Translation: Tessa had been too far along for her father to talk her into an abortion.

Years ago, when Charlie had suggested an abortion, for a split second Abby had let herself consider it. She’d imagined herself and Charlie following through with their life plan. Graduate from college, get married, and, a few years later, start their white-picket-fence life, replete with a golden retriever and 2.4 kids. But how could she have looked their 2.4 kids in the eye, knowing she’d stopped their sibling’s beating heart because the timing had been inconvenient?

Seemed Tessa had shared that line of thinking.

Thank God thank God thank God thank God thank God.

“Okay,” Abby said. “So abortion was off the table.” Abby pressed her forehead against a porch support column, trying to snuff out the unintended double entendre, the image of a woman lying on a metal slab, feet in stirrups. A cold ache slid between Abby’s legs, and the backs of her knees softened.
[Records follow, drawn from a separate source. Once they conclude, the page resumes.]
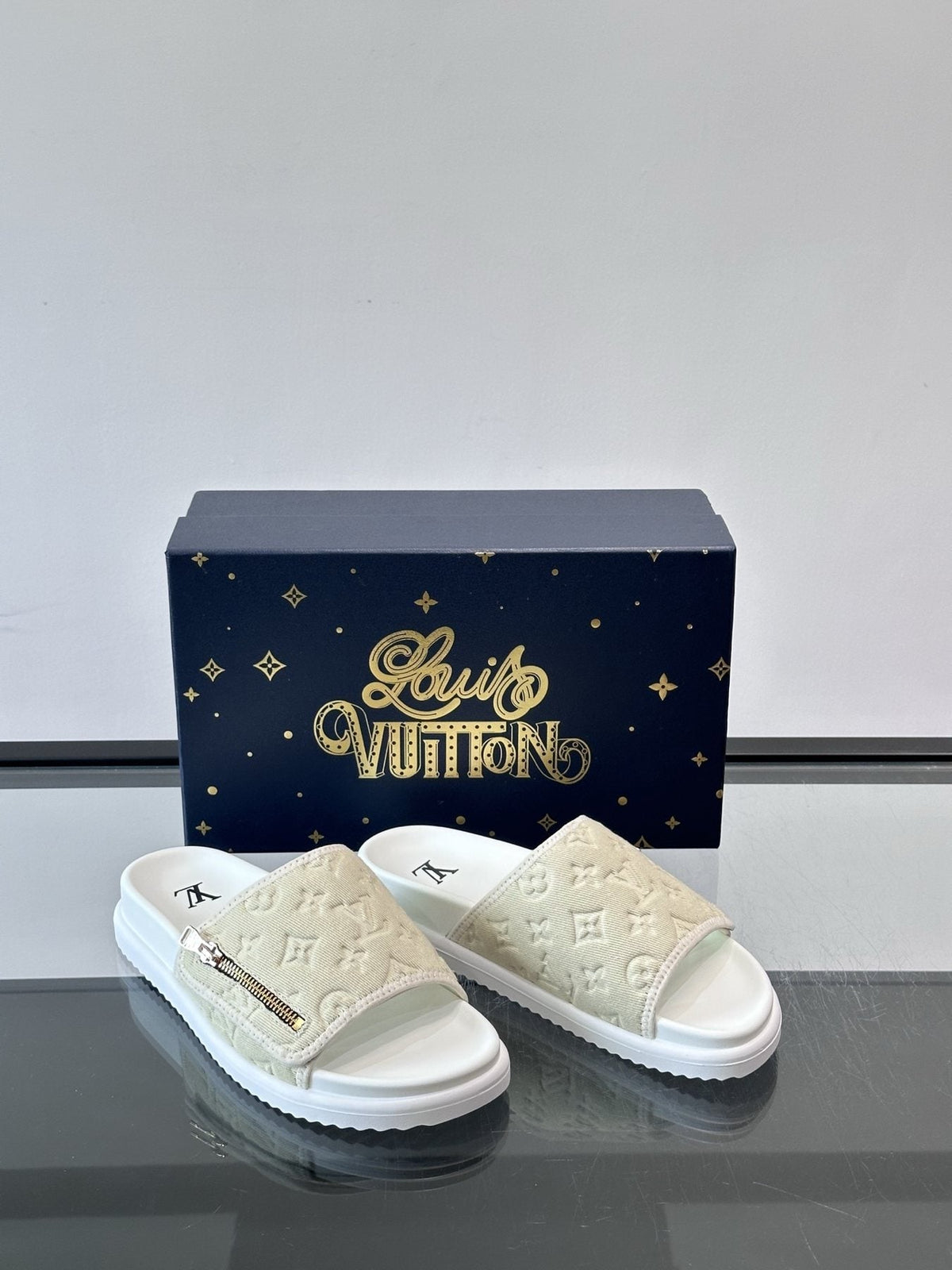 Louis Vuitton Embossed Monogram Slide Sandals — front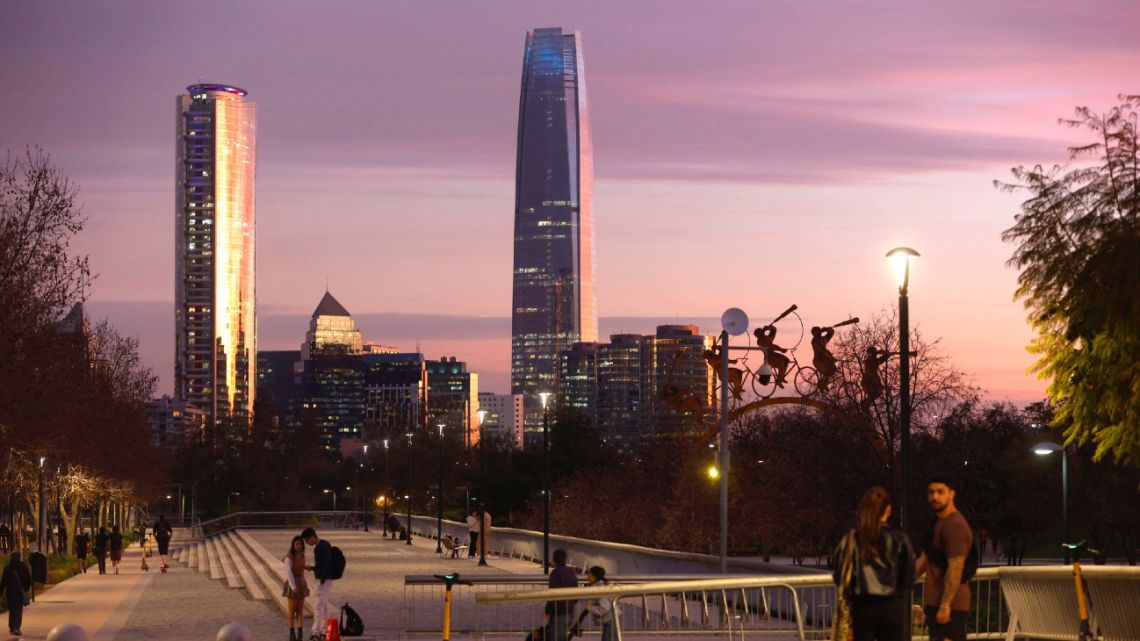 Couples walk along the esplanade of the Bicentennial Park in the commune of Vitacura in Santiago on September 5, 2024.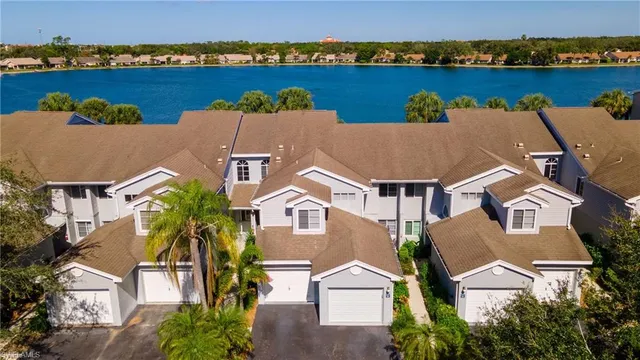 an aerial view of a house with a lake view
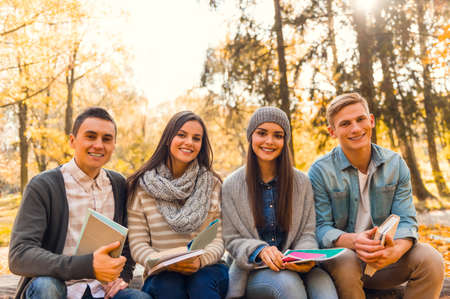 Group of young people students while walking autumn parkの写真素材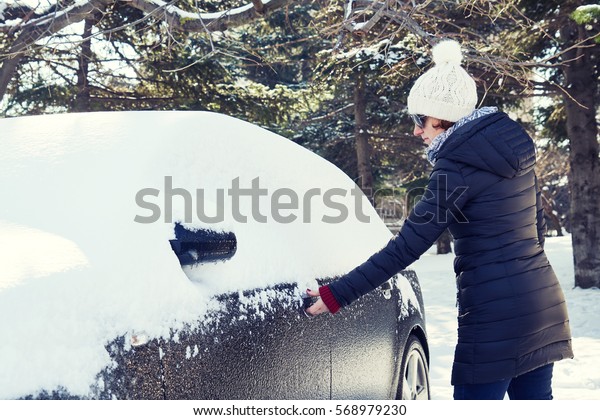 Snowy winter in a city on a sunny day. Car after\
snowfall in the parking lot. Young woman trying to open the icy\
car\
                              \
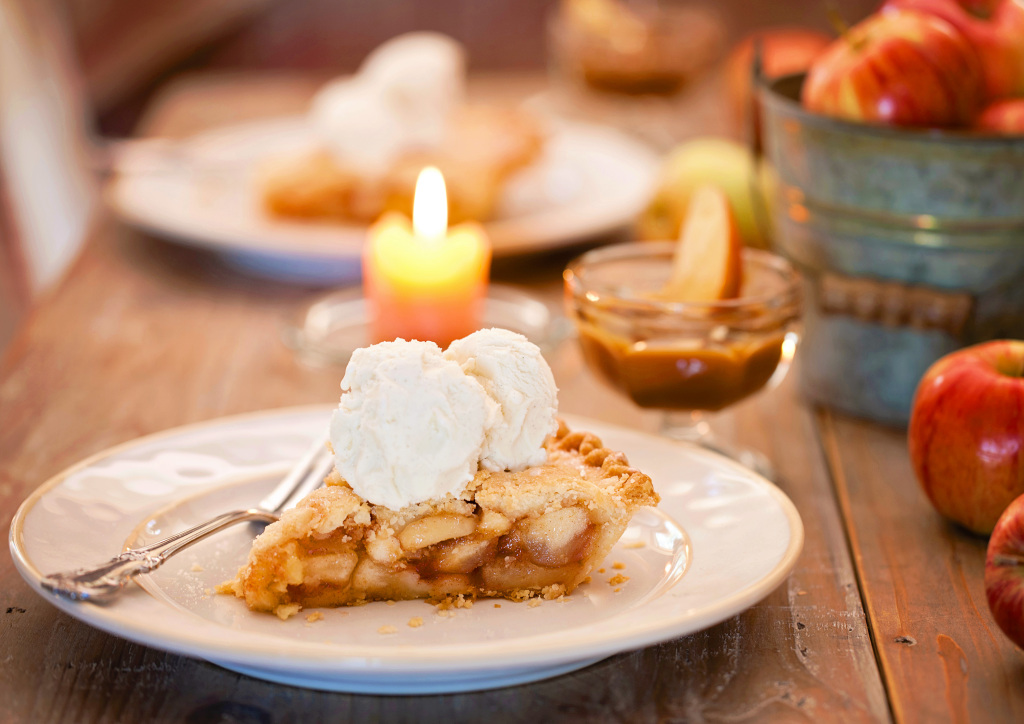 Image showing a slice of homemade apple pie topped with two scoops of vanilla ice cream. The setting is rustic and warm with a mellow candle burning, small metal teal bucket containing red apples, a small glass bowl of soft caramel for dipping apple wedges.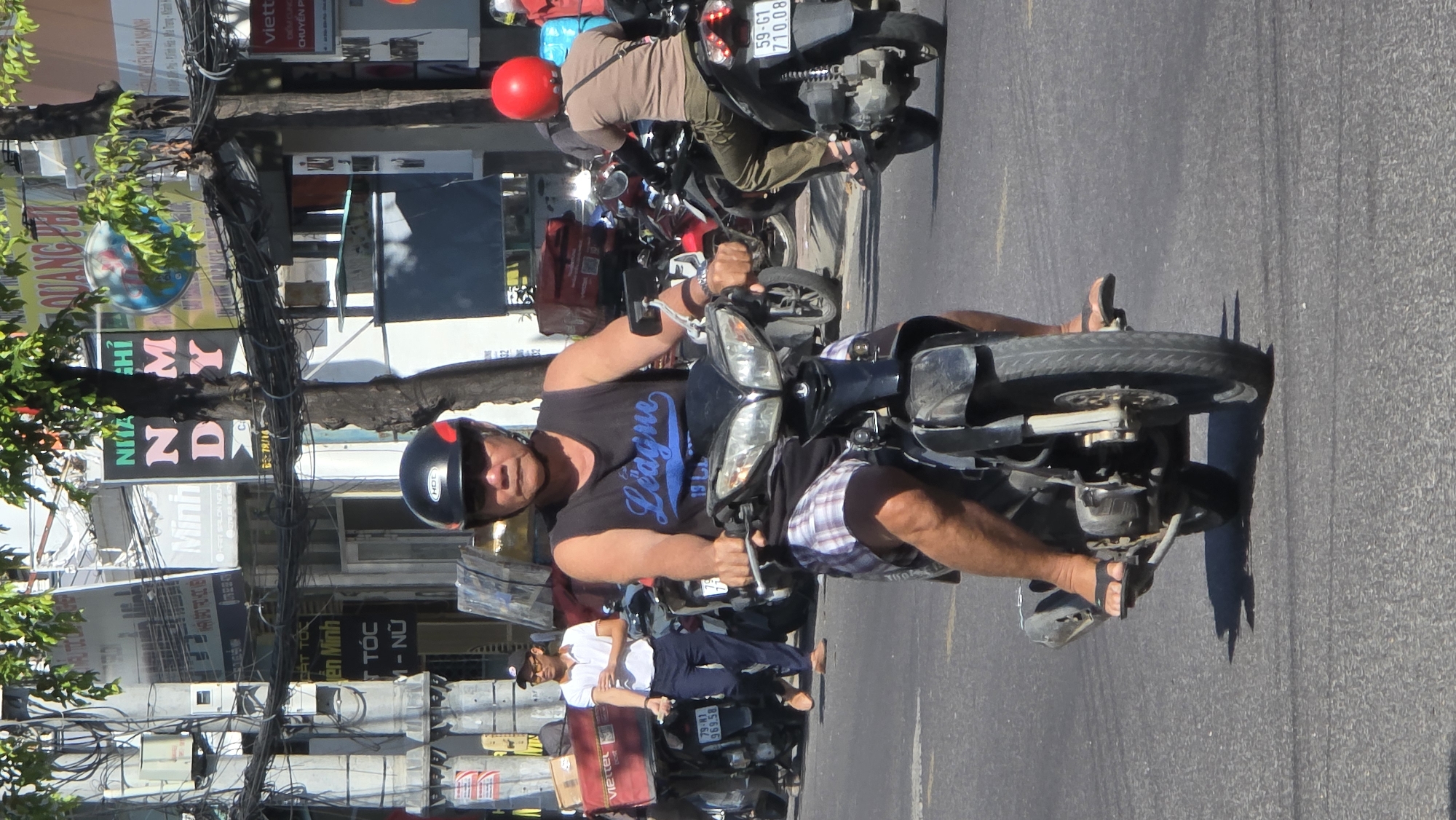 The image shows a man driving a motorcycle on a street in what appears to be Bắc Nha Trang, Vietnam. The man is wearing a black helmet, a black t-shirt with "League" written on it, and checkered shorts. He is also wearing sandals. Behind him, another person with a red helmet is riding a motorcycle. Street signs written in Vietnamese are visible, along with storefronts and overhead electrical wires. The street is paved and sunny. Several other parked motorcycles are also visible.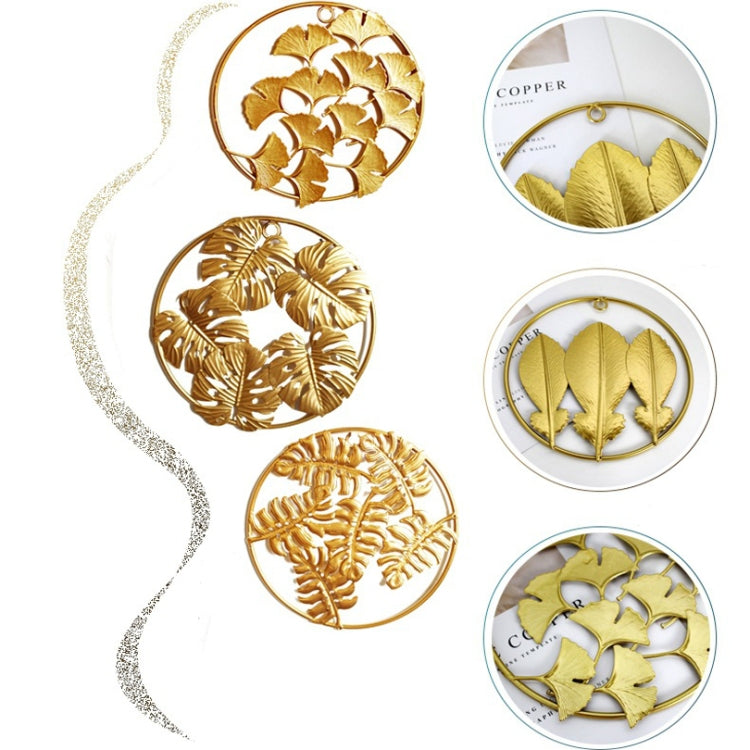 Gold 3D iron leaf wall hangings in round frames with multiple leaf patterns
Abby lowered herself to the granite steps.

“That left one option,” Professor Lombardi said.

“Which was?”

“Giving the baby up for adoption.”

To a stranger.
It was telling that Professor Lombardi couldn’t say that to Abby’s face.

“But Tessa felt she had other options,” Abby said. A statement, not a question.

From the other end of the phone, an insistent tapping. The professor drumming his fingers on a mahogany desk? Abby didn’t press, just waited him out.

“She nagged me for months,” Professor Lombardi said.

Translation: Tessa had hoped in vain for her father’s approval.

“She talked about either offering the baby to you or keeping it.”

An exhalation whooshed out of Abby. Relief? Surprise? Utter shock? Tessa’s mother wasn’t a part of her life. Her father was a wrong-minded bully. Yet, all on her own, she’d opted to continue the pregnancy, had even considered raising Luke’s baby herself.

Her baby. The baby was Tessa’s, too. If she chose to take up the gauntlet.

Tessa wasn’t Abby’s daughter, but could she be proud of her anyway?

“Why not?” Abby said, and her voice lifted on a grin. “Why not encourage her to keep the baby?”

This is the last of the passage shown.